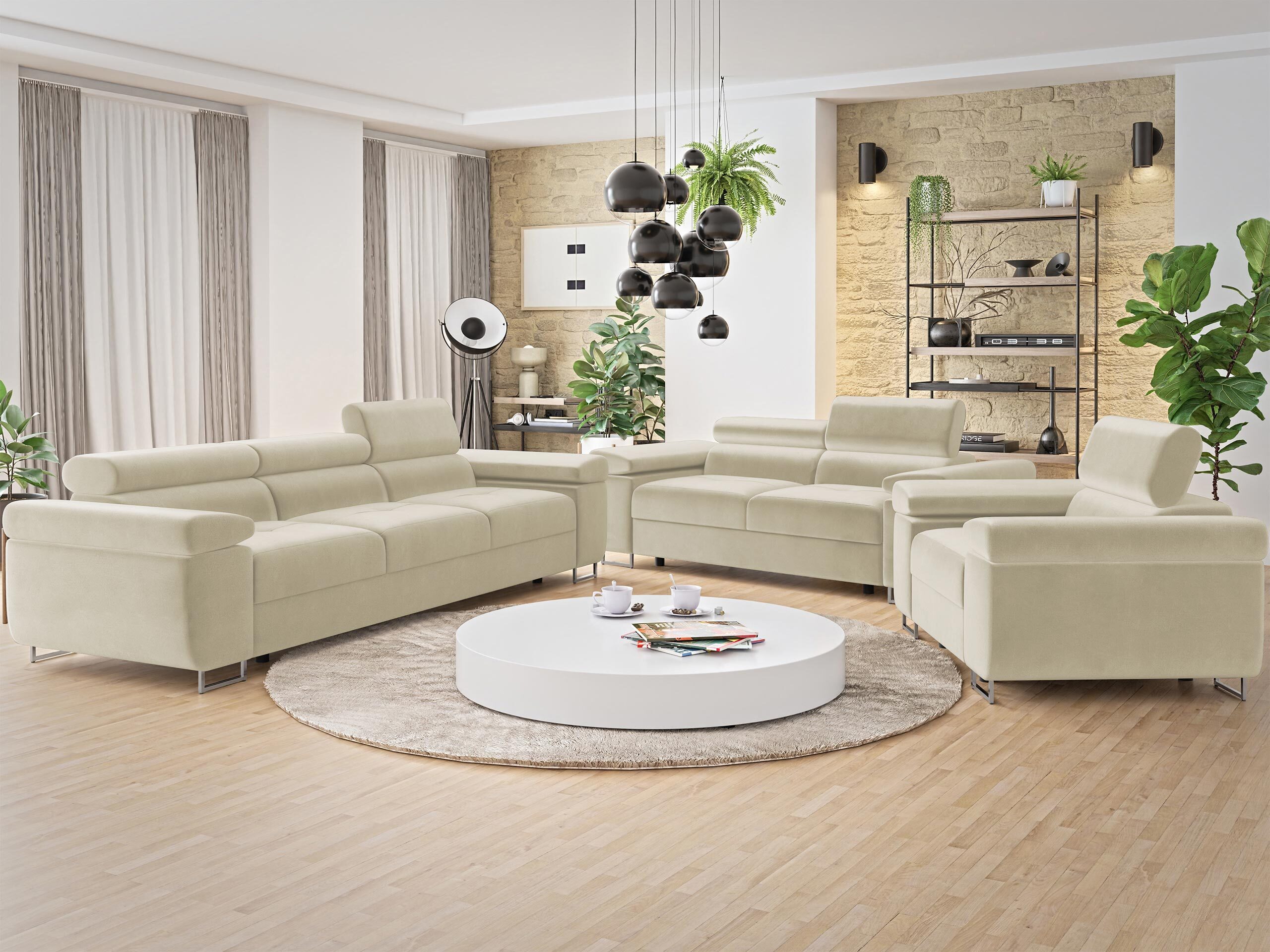 Sofa Comfivo Vinetum III (Polo 872)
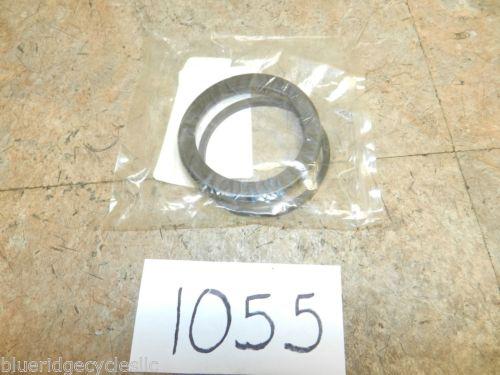 Drag specialties disc caliper seal kit harley davidson 80-84 flh fxr fxrs fxe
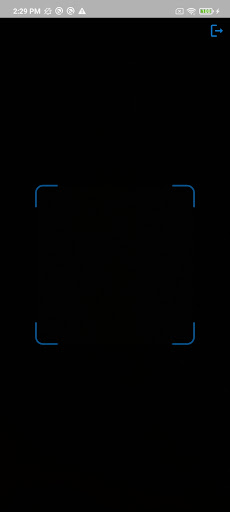 TrackMove Screen 2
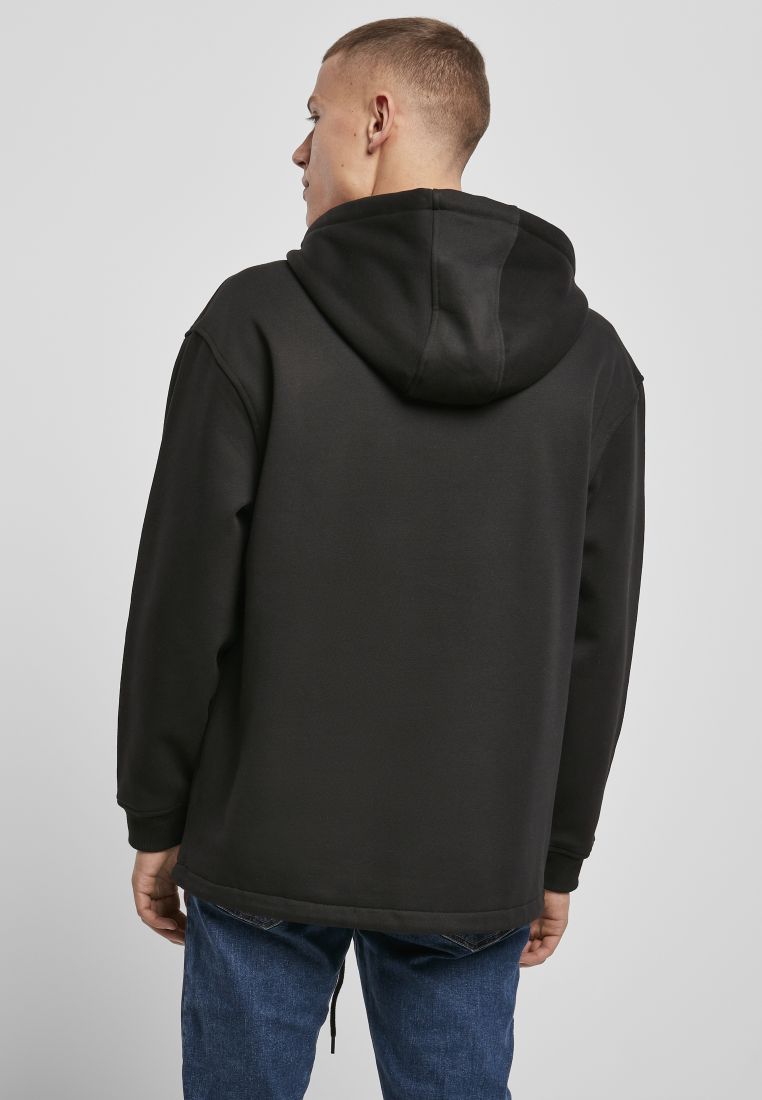Sweat Pull Over Hoody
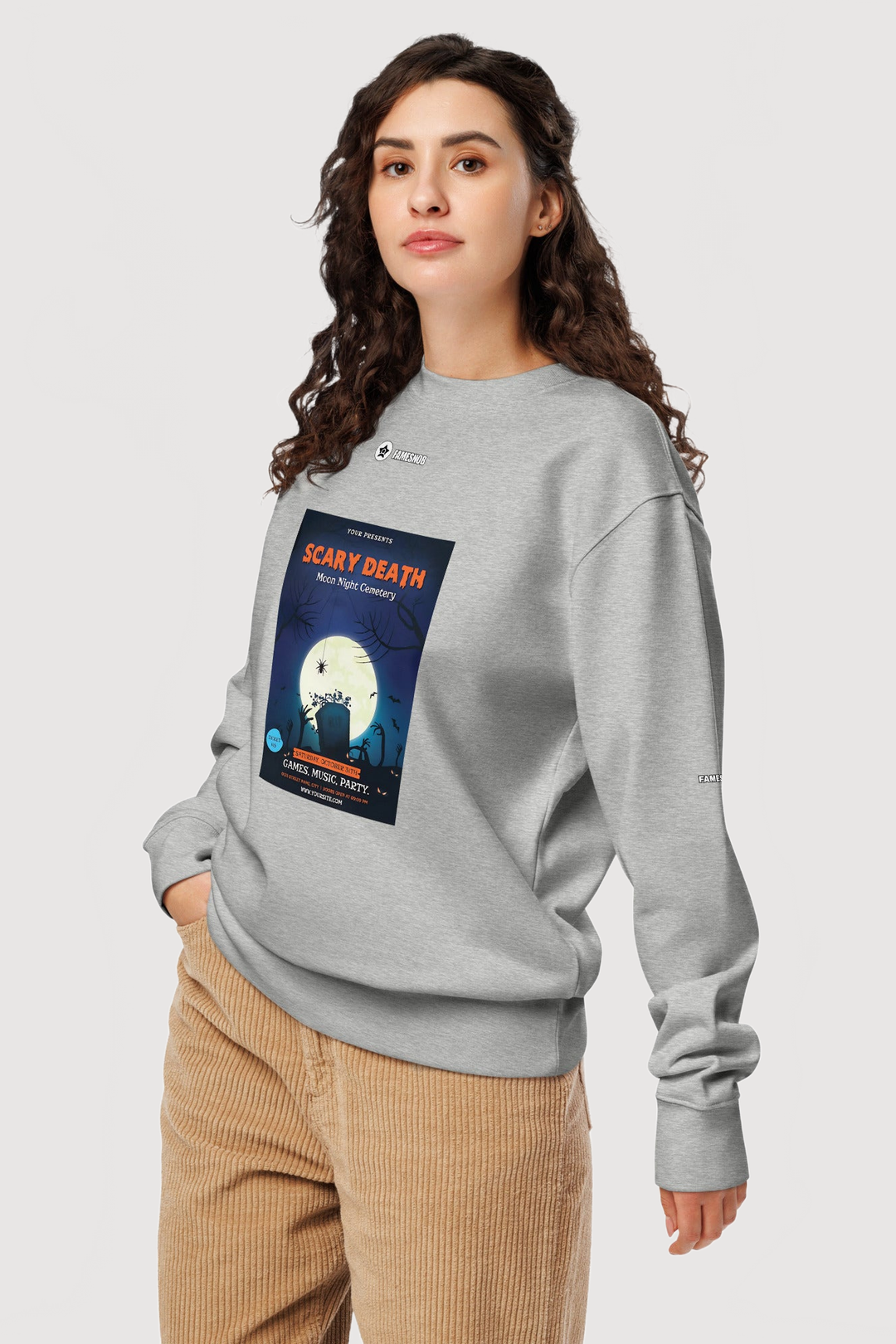 Updated product image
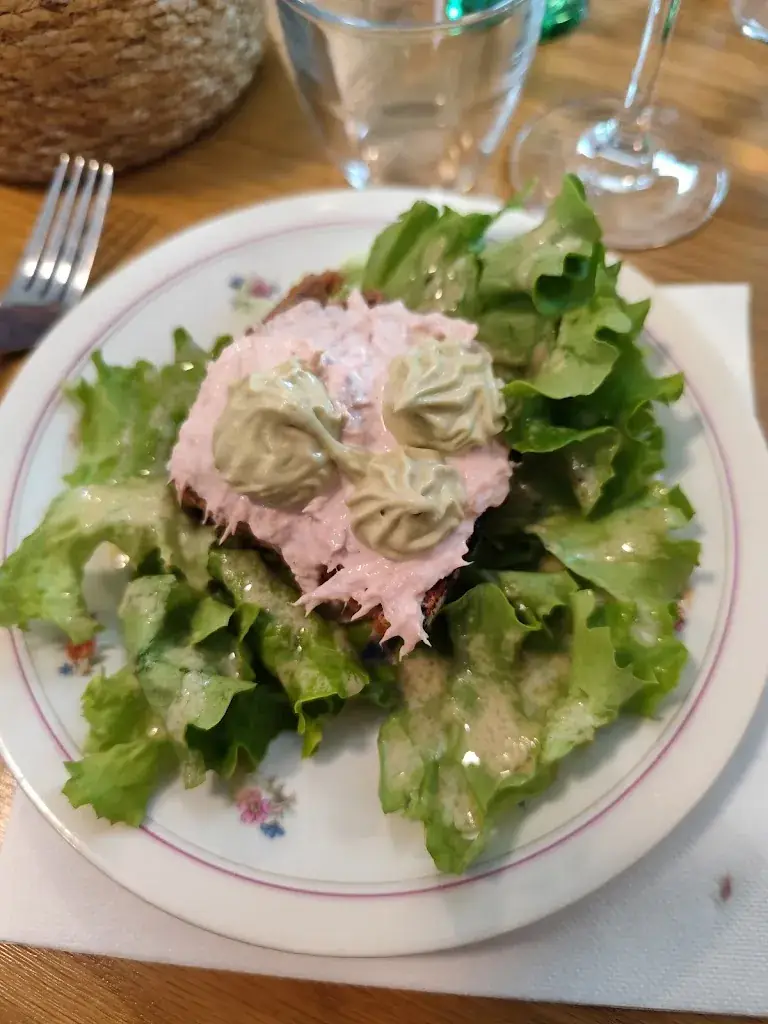 boris querbes_Le Caminol_Bozouls_review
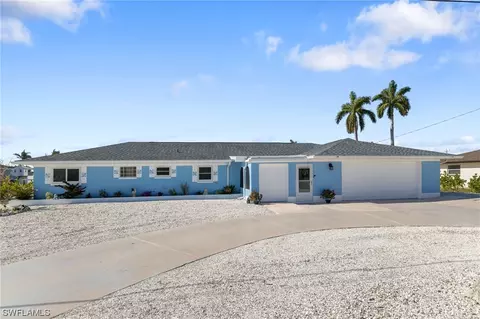 2651 Sanibel Blvd, Saint James City, FL 33956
====
What needs to be done:
Line by line, return the listing above exactly, leaving out its pictures.

Answer below:
 Sofa Comfivo Vinetum III (Polo 872)
 Drag specialties disc caliper seal kit harley davidson 80-84 flh fxr fxrs fxe
 TrackMove Screen 2
Sweat Pull Over Hoody
 Updated product image
 boris querbes_Le Caminol_Bozouls_review
 2651 Sanibel Blvd, Saint James City, FL 33956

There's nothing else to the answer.